Warming Could Push the Atlantic Past a ‘Tipping
Point’ This Century
The system of ocean currents that regulates the
climate for a swath of the planet could collapse sooner than expected, a new
analysis found.
Raymond
Zhong
By Raymond
Zhong
July 25,
2023
https://www.nytimes.com/2023/07/25/climate/atlantic-ocean-tipping-point.html
The last
time there was a major slowdown in the mighty network of ocean currents that
shapes the climate around the North Atlantic, it seems to have plunged Europe
into a deep cold for over a millennium.
That was
roughly 12,800 years ago, when not many people were around to experience it.
But in recent decades, human-driven warming could be causing the currents to
slow once more, and scientists have been working to determine whether and when
they might undergo another great weakening, which would have ripple effects for
weather patterns across a swath of the globe.
A pair of
researchers in Denmark this week put forth a bold answer: A sharp weakening of
the currents, or even a shutdown, could be upon us by century’s end.
It was a
surprise even to the researchers that their analysis showed a potential collapse
coming so soon, one of them, Susanne Ditlevsen, a professor of statistics at
the University of Copenhagen, said in an interview. Climate scientists
generally agree that the Atlantic circulation will decline this century, but
there’s no consensus on whether it will stall out before 2100.
Which is
why it was also a surprise, Dr. Ditlevsen said, that she and her co-author were
able to pin down the timing of a collapse at all. Scientists are bound to
continue studying and debating the issue, but Dr.
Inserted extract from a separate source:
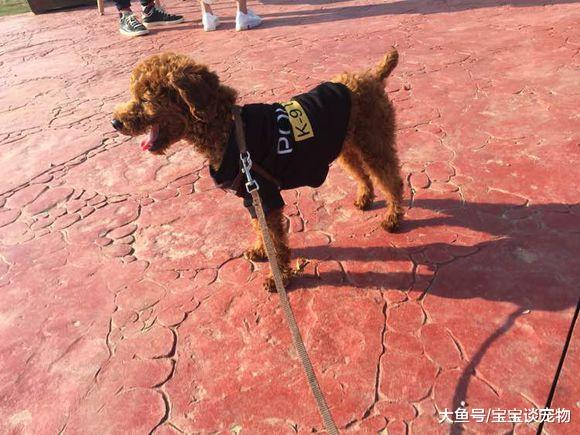 600买下只成年泰迪，喂养不到两月连咬我三次：这狗还能养吗？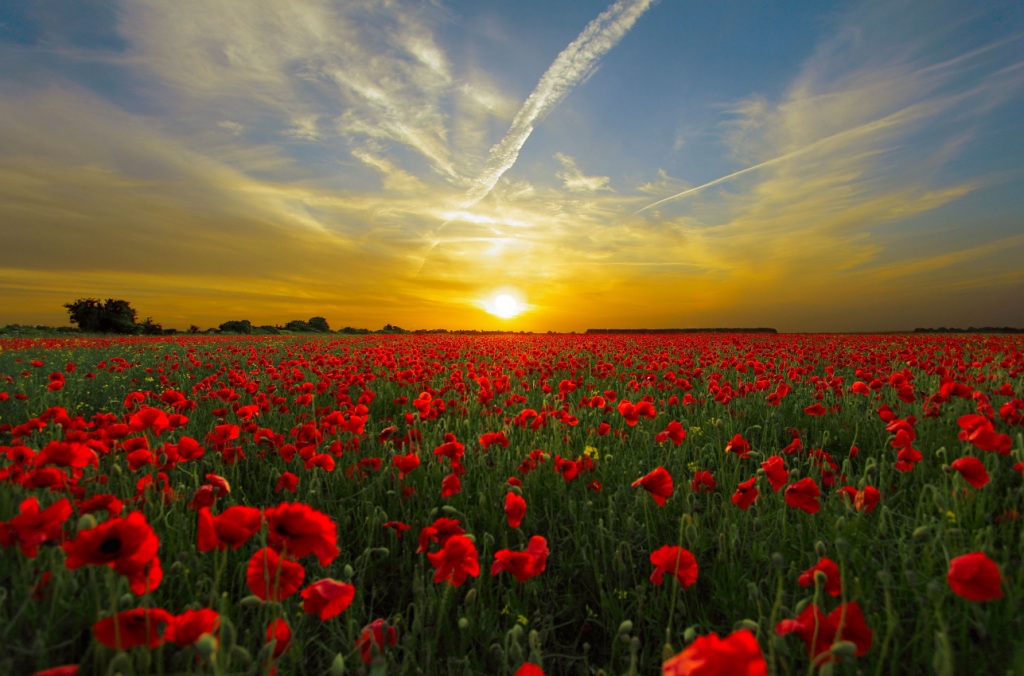 Poppy field at sunset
Ditlevsen said the new
findings were reason enough not to regard a shutdown as an abstract, far-off
concern. “It’s now,” she said.
The new
research, published on Tuesday in the journal Nature Communications, adds to a
growing body of scientific work that describes how humankind’s continued
emissions of heat-trapping gases could set off climate “tipping points,” or
rapid and hard-to-reverse changes in the environment.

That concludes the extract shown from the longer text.